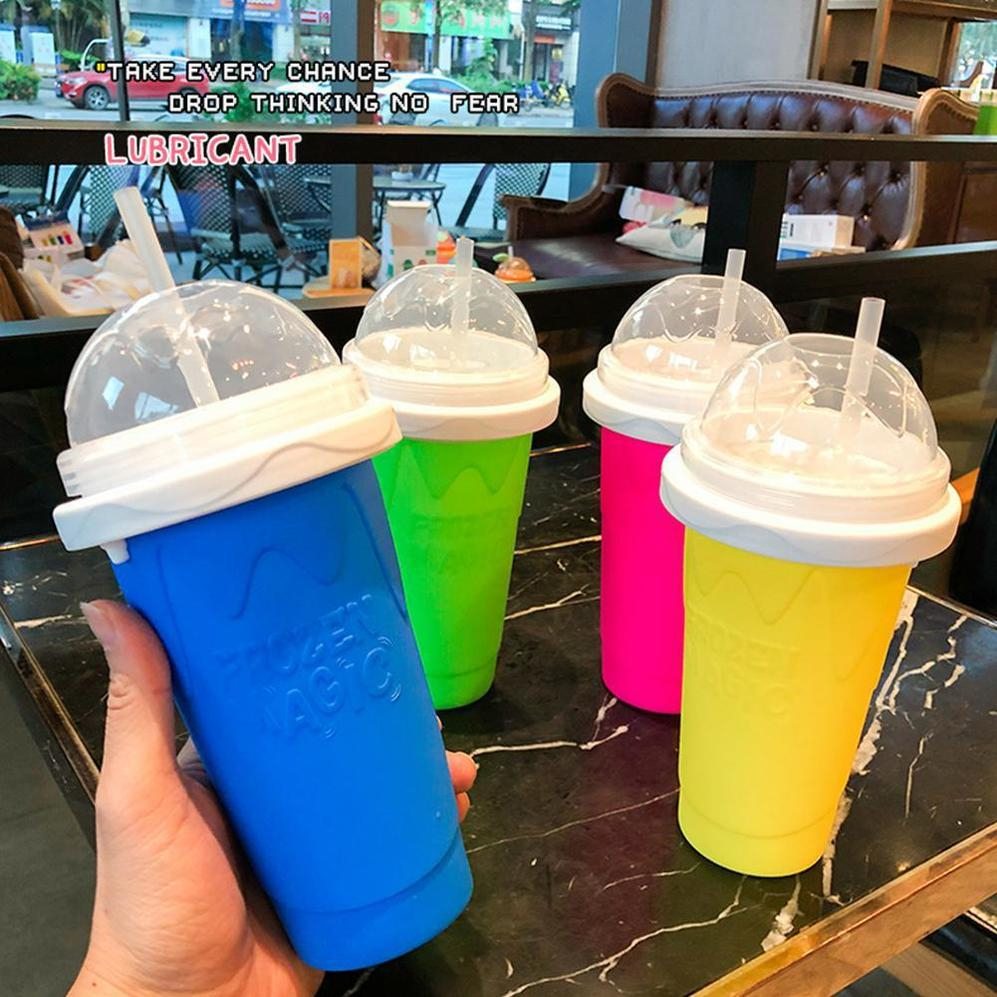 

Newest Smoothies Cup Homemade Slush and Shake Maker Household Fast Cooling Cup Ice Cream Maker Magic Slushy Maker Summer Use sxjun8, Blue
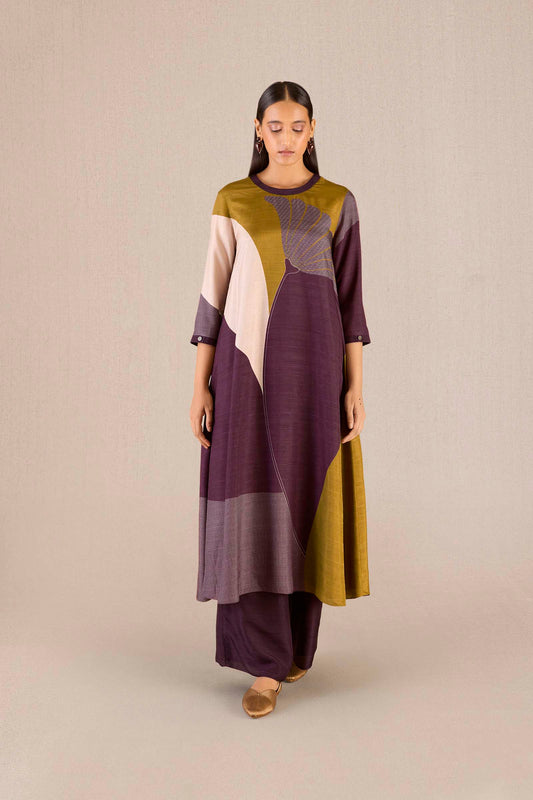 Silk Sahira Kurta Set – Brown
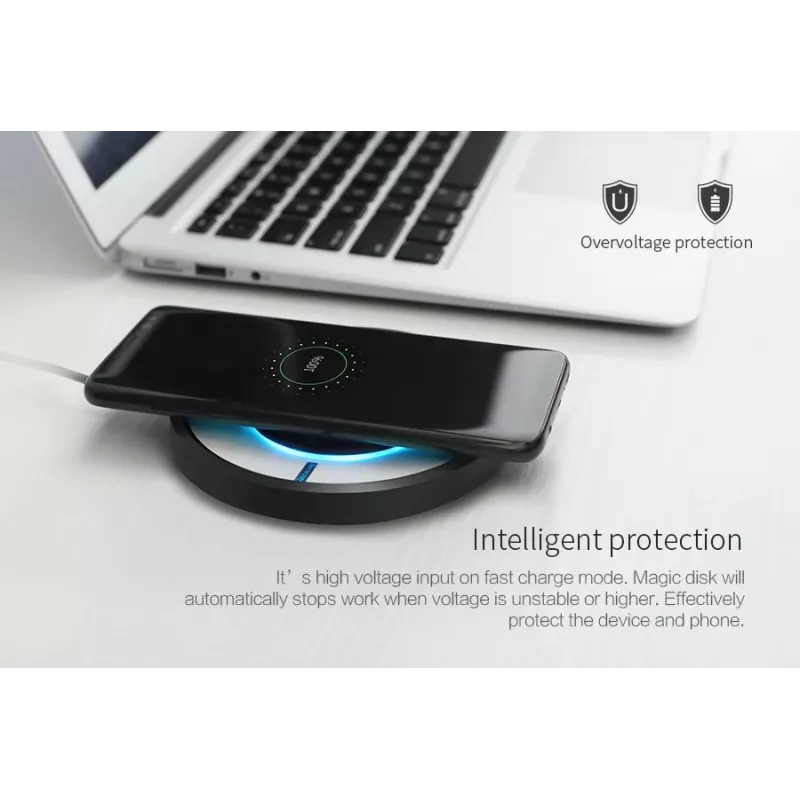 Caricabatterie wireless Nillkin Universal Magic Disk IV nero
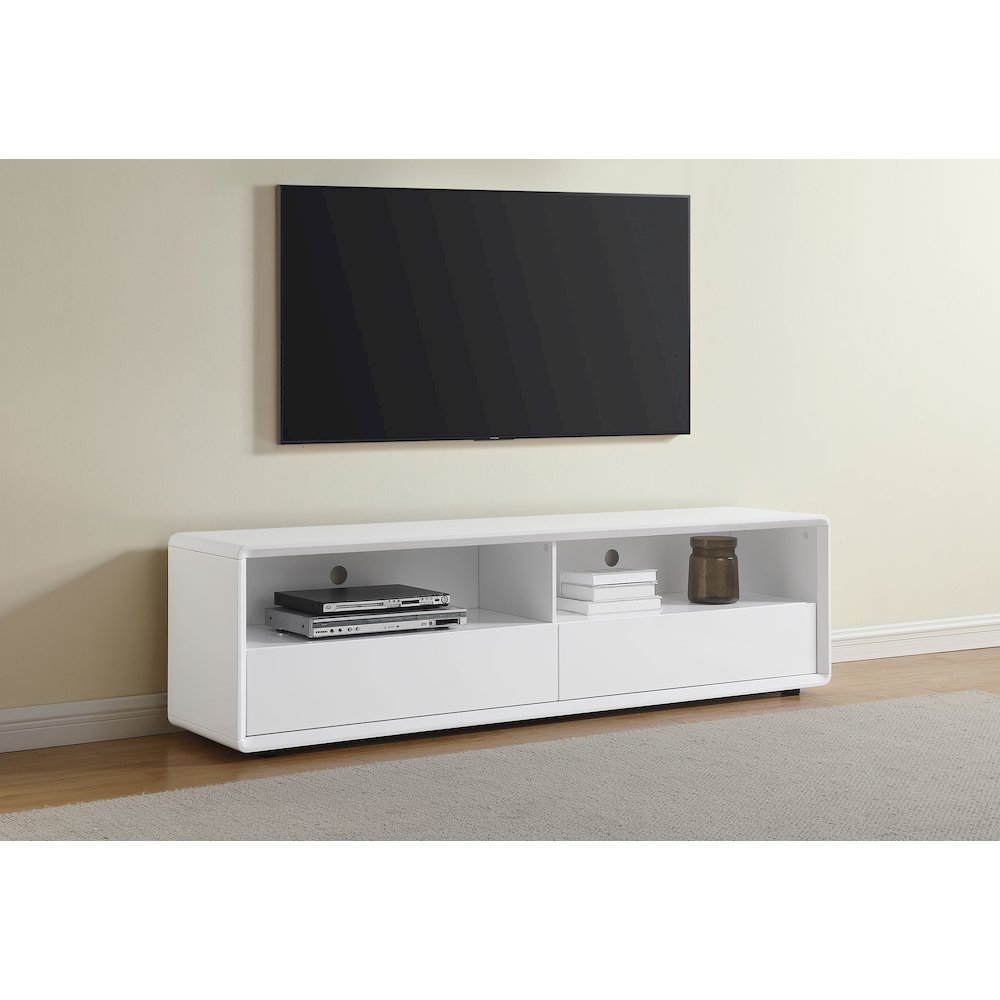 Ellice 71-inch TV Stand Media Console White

========================================================================

- What is being asked
Since the listing holds pictures, return everything else in it exactly and omit those.

- Answer to this exercise
Newest Smoothies Cup Homemade Slush and Shake Maker Household Fast Cooling Cup Ice Cream Maker Magic Slushy Maker Summer Use sxjun8, Blue
 Silk Sahira Kurta Set – Brown
 Caricabatterie wireless Nillkin Universal Magic Disk IV nero
 Ellice 71-inch TV Stand Media Console White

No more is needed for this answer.